WHAT IS BEING ASKED: Take the material below and extract the lines from the one with "افتتاح پایگاه مقاومت" through the one with "在windows10系统下搭", word for word, without pictures.

*** Opening TASK DATA ***

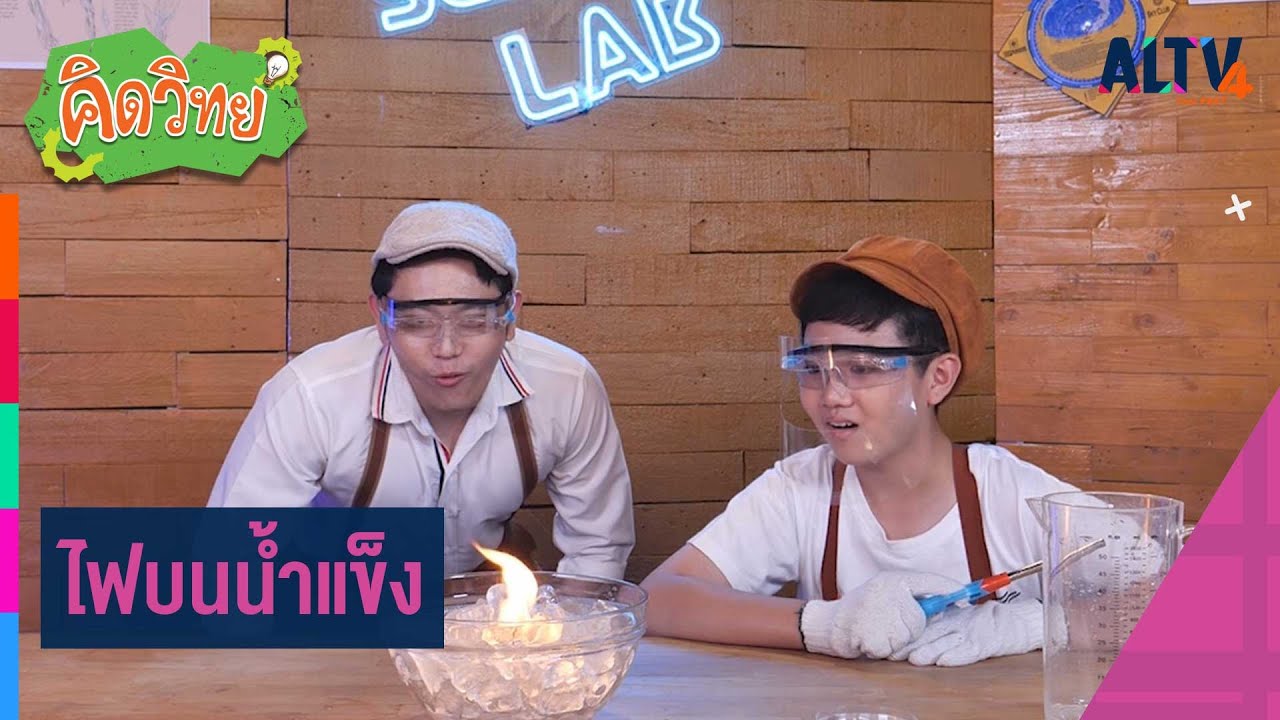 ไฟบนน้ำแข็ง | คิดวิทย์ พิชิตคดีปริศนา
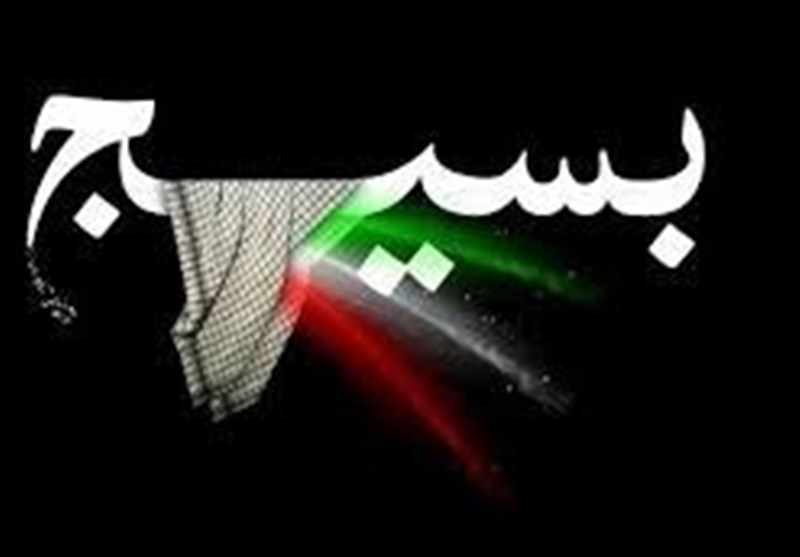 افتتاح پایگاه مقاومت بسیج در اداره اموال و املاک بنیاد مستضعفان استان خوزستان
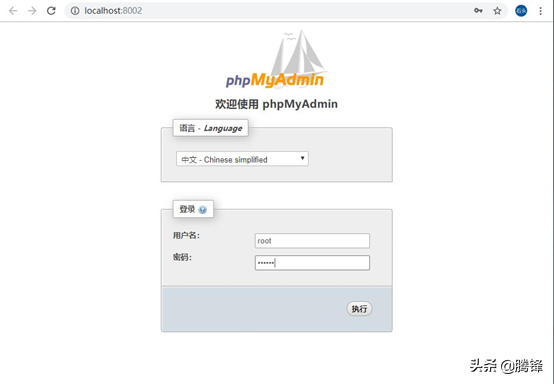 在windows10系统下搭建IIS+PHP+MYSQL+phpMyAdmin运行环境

*** Closing TASK DATA ***
*** Opening TASK DATA ***

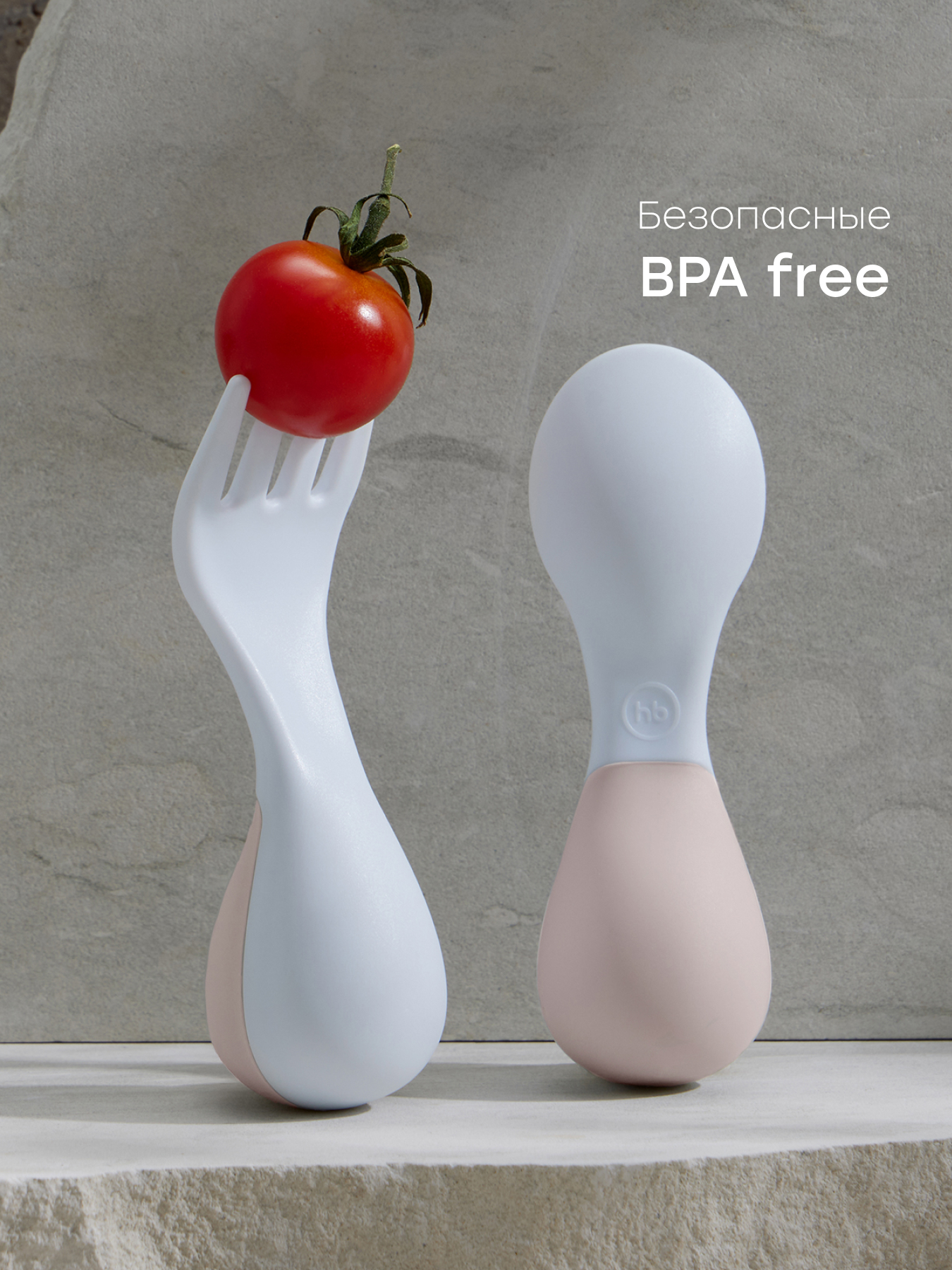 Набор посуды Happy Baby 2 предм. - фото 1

*** Closing TASK DATA ***

EXERCISE RESPONSE:
 افتتاح پایگاه مقاومت بسیج در اداره اموال و املاک بنیاد مستضعفان استان خوزستان
 在windows10系统下搭建IIS+PHP+MYSQL+phpMyAdmin运行环境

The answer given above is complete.